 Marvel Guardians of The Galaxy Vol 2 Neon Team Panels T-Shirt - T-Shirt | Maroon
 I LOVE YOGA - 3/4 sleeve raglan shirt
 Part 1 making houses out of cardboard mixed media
...
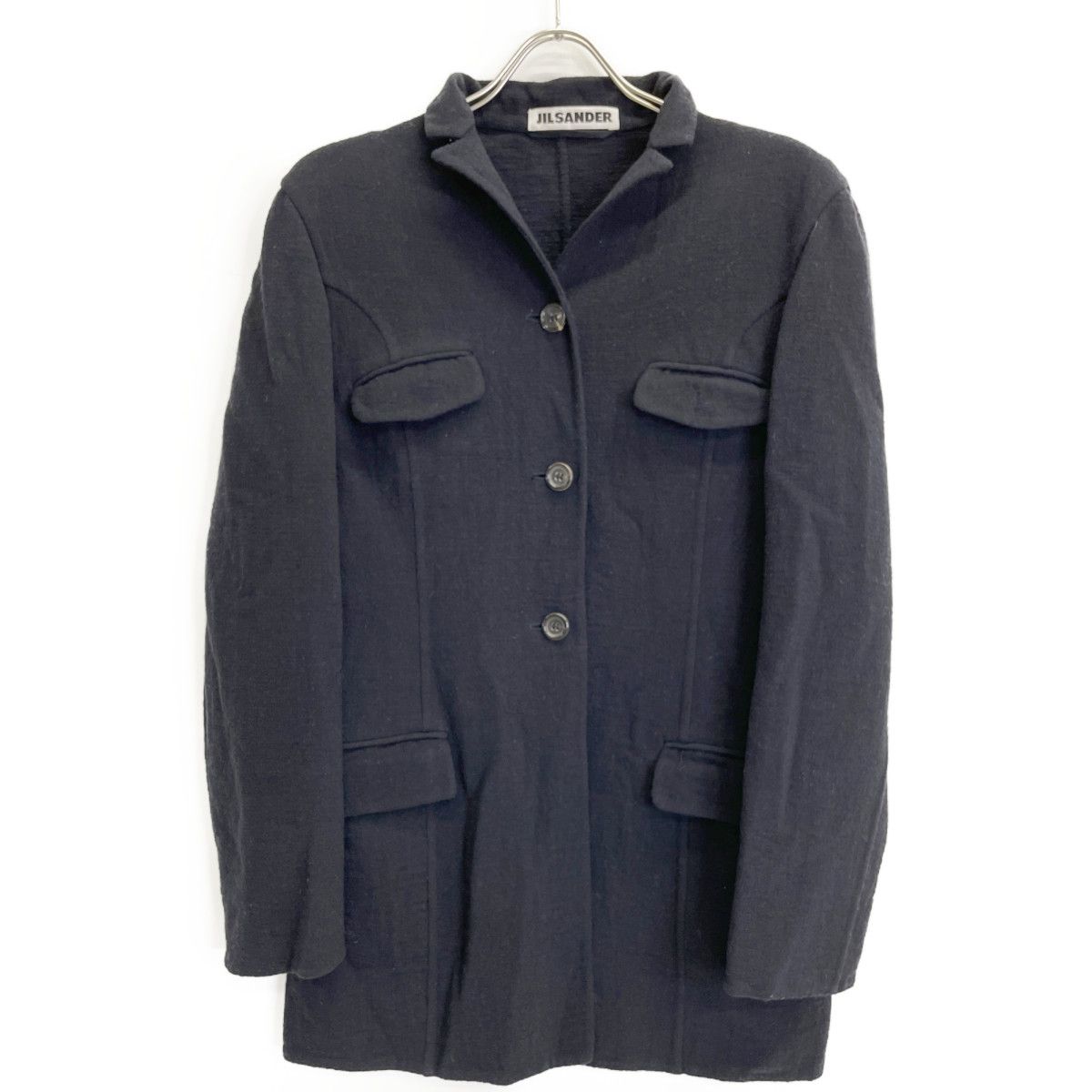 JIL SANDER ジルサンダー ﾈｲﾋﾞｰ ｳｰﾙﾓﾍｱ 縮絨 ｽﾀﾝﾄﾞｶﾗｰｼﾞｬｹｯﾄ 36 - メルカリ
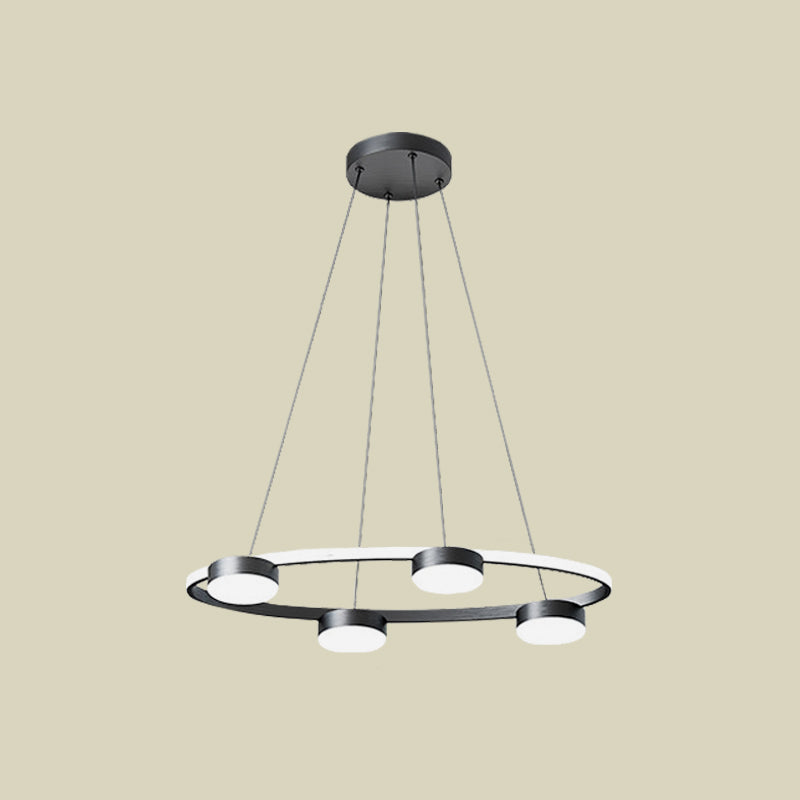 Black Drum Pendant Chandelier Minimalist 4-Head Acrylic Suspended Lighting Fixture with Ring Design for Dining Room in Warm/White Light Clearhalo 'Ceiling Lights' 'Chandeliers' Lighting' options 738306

## PROMPT
Within the listing above, the stretch from the line with "JIL SANDER ジルサンダー" down to the line with "Black Drum Pendant" is to be given again exactly, end lines included and pictures excluded.

## EXERCISE SOLUTION
 JIL SANDER ジルサンダー ﾈｲﾋﾞｰ ｳｰﾙﾓﾍｱ 縮絨 ｽﾀﾝﾄﾞｶﾗｰｼﾞｬｹｯﾄ 36 - メルカリ
 Black Drum Pendant Chandelier Minimalist 4-Head Acrylic Suspended Lighting Fixture with Ring Design for Dining Room in Warm/White Light Clearhalo 'Ceiling Lights' 'Chandeliers' Lighting' options 738306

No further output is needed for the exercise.